Emerging from the post-Baez/Dylan North American folk scene, Mitchell was a storyteller and poet, a woman of letters whose voice was amplified by the sudden rise to power of the pop star. Re-hearing these songs in the concert tapes and demos here, one is again struck by the impression of a female voice both strong and vulnerable, painting fleeting glimpses of a modern world – LA boulevards, hipster cafes, transatlantic flights – in the musical idiom of the medieval troubadour. At the same time a track like Get Together, from a Carnegie Hall concert in February 1969, reminds you what a shit-hot guitarist she was.
The big scoop here is the full live set from Le Hibou Coffee House in Ottawa, Ontario, on March 19, 1968. It documents a highly eventful period: Mitchell had already been in residency there for a week, and just a couple of days earlier had hooked up with Graham Nash for the first time, as The Hollies swung through town. Not only is this a remarkable solo set in impressively high fidelity, but the owner and operator of the tape recorder that night, rapt in the front row at this “fantastic girl with heaven words”, was none other than Jimi Hendrix. The guitarist –Joni’s Reprise labelmate, even though they had never met – was engaged at the Capitol Theatre across town, called her up in advance, and showed up at the door with a reel-to-reel under his arm. The wonderful mental image of Hendrix the fanboy kneeling at her feet, with his Mexican moustache and wide-brimmed hat, twiddling knobs and adjusting the sound for his own private collection, greatly enhances an already lovely solo set.
In his diary Hendrix described the tapes as “marvelous sound on first show. Good on 2nd”. It’s not clear how much postprocessing has been applied, but the recording paints an extremely vivid picture of the unamplified Joni from a couple of meters away. Even so, we’re lucky to be able to hear it at all, as someone nicked the original tapes from Hendrix a few days afterwards. They eventually turned up in another collector’s stash that had been donated to Canada Library and Archive, who handed them back to Mitchell.
On all the live recordings here (Ann Arbor, Carnegie Hall, University Of California, The Dick Cavett Show, Saskatchewan, Vancouver, London), Joni’s between-song chats remain affable yet never self-belittling.

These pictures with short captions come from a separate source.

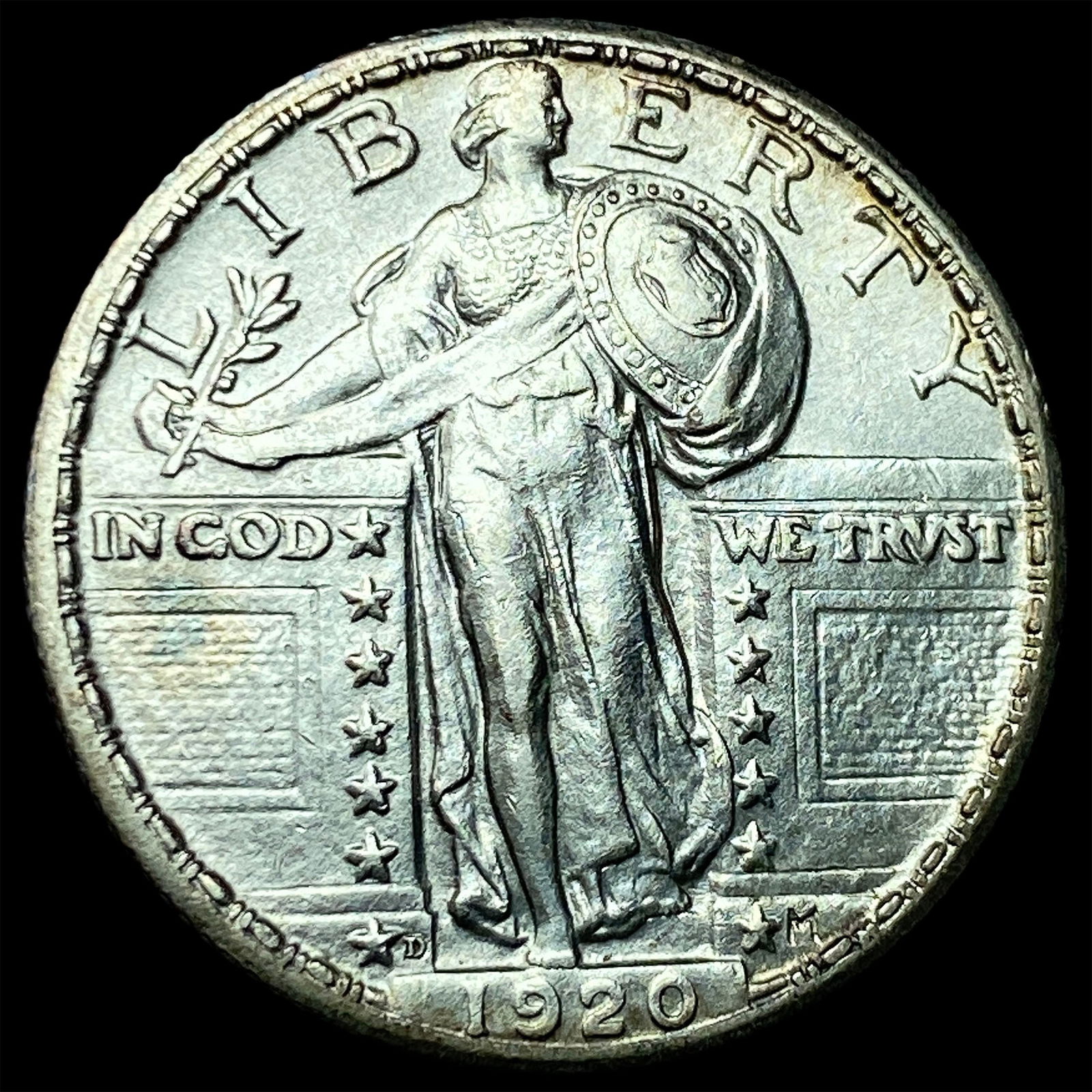 1920-D Silver Standing Liberty Quarter UNCIRCULATED: 1920-D Silver Standing Liberty Quarter UNCIRCULATED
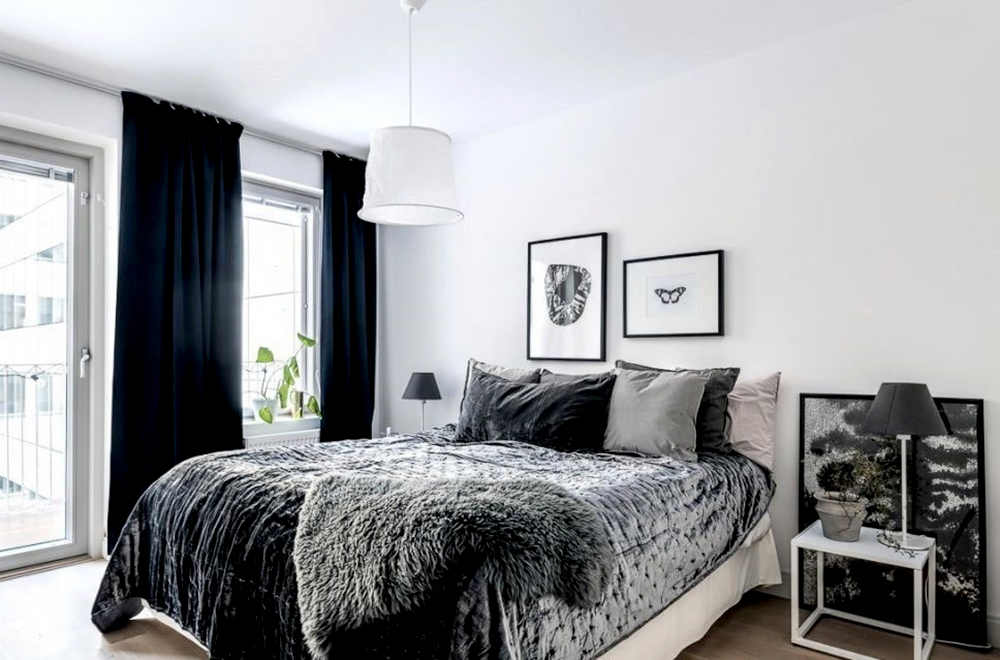 Black Curtains Meet Urban Chic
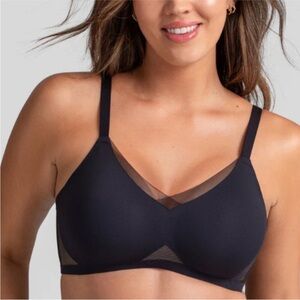 Honeylove Liftwear Black Crossover Bra Size Large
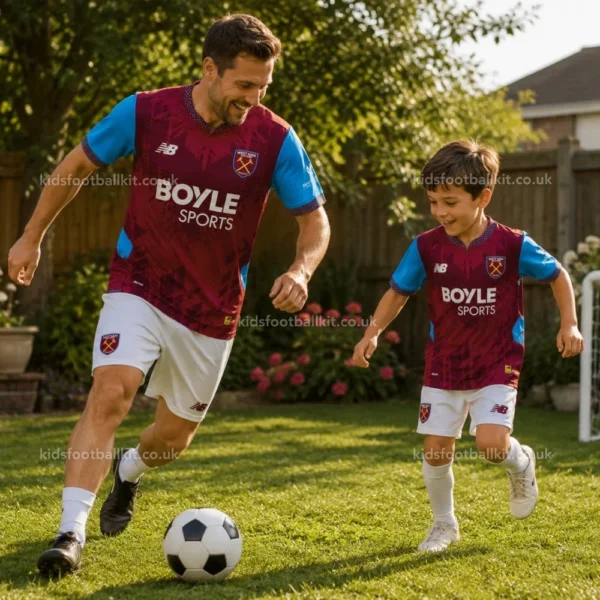 West Ham home men shirt and kids kit 26_27-image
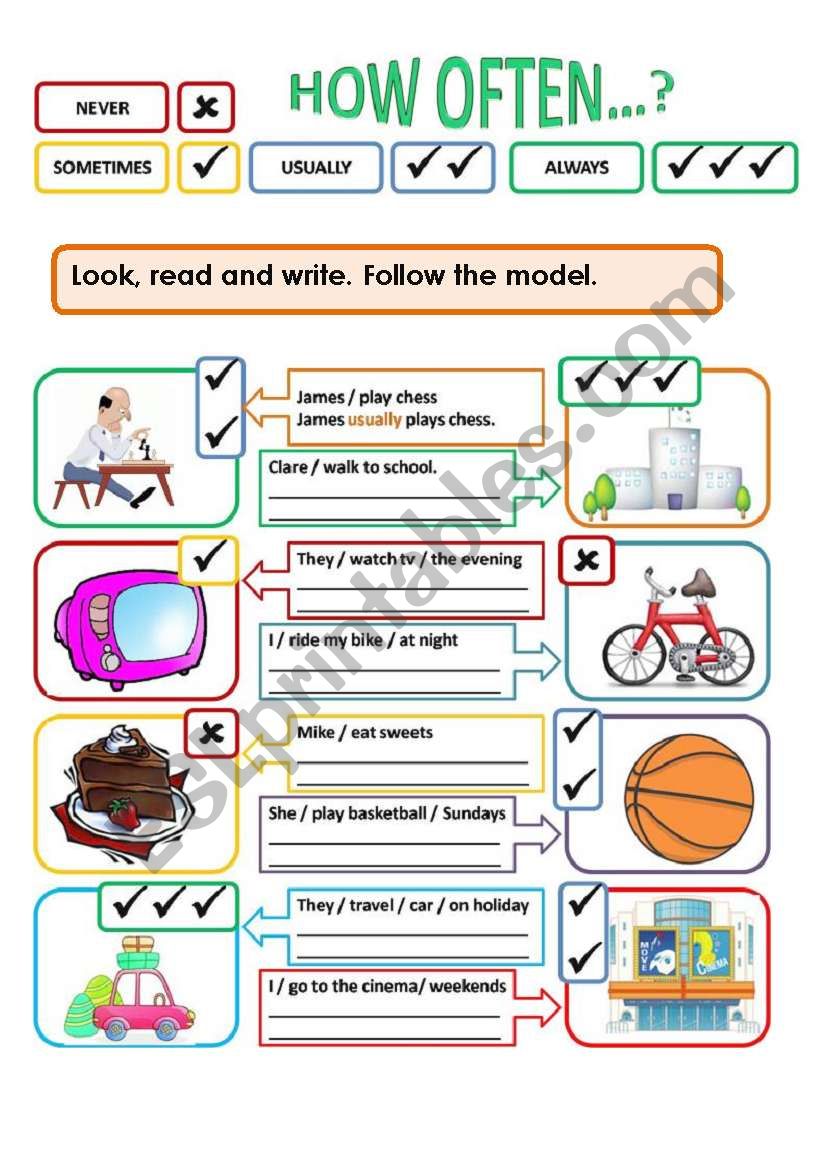 HOW OFTEN...? worksheet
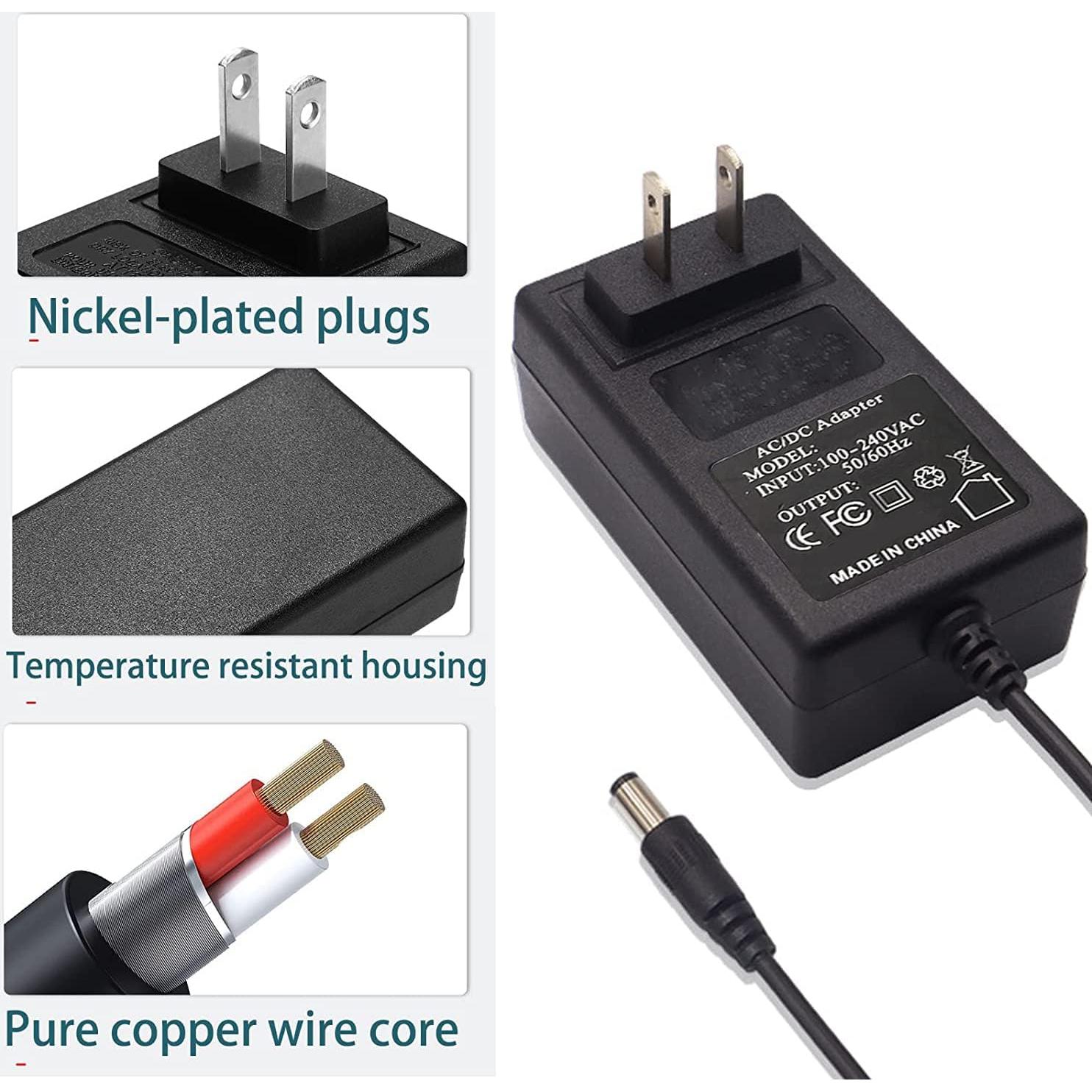 Adaptador de Corriente 9V Xzrucst para Cámara Polaroid Z2300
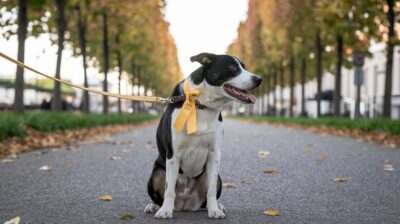 Le ruban jaune sur nos amis canins : un signal d'alerte pour leur bien-être et le notre que vous devez connaître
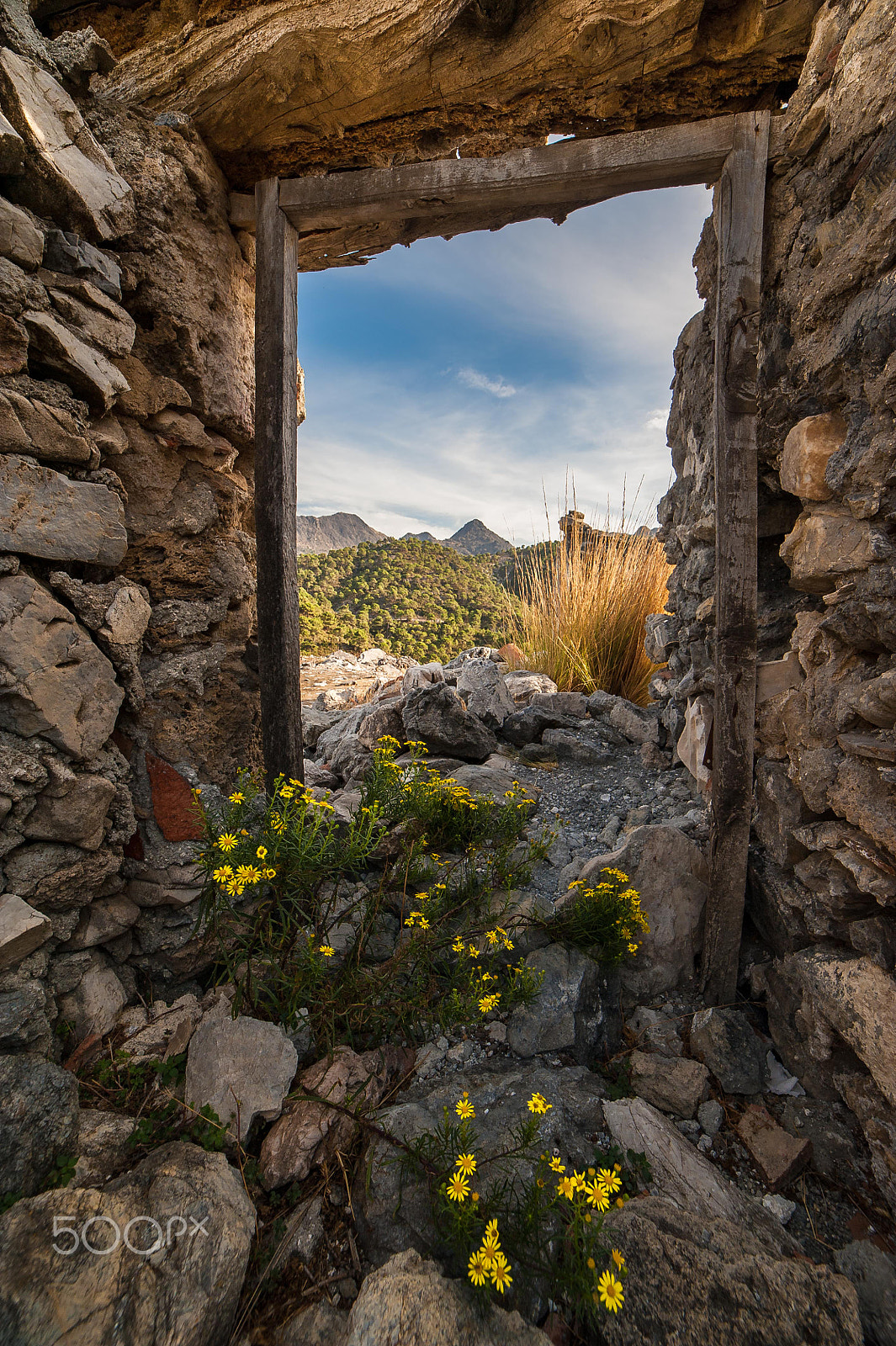 Samyang 14mm F2.8 ED AS IF UMC sample photo. Door to "almijara" photography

It wasn’t always easy for female solo artists, amid the macho camaraderie of the road. Considering she’s navigating the spaghetti interchange of these fleeting relationships, holding the act together under heavy label manners and touring discomforts, Joni’s composure on stage deserves to be marvelled at. In London, four months after the Isle Of Wight debacle, she’s still taking her time to spin stories about sagacious kids, or the history of the dulcimer. The way she ends Big Yellow Taxi trilling “They paved paradise”, dipping down to a false baritone for “put up a parking lot” is always charming. John Peel is compere, and the compilation also includes her live session for Peel’s Top Gear from September 1968, with the John Cameron Quartet cloaking her in neo-Renaissance apparel more familiar in the Albionic folk of the time.
These few tracks aside, this Volume 2 contains very little trace of the jazz pivot her music would take later in the decade. The outtakes covering that period are going to make fascinating listening. Meanwhile, this feels like a completist’s dream –because even Joni Mitchell’s storeroom sweepings are spangled with diamond dust.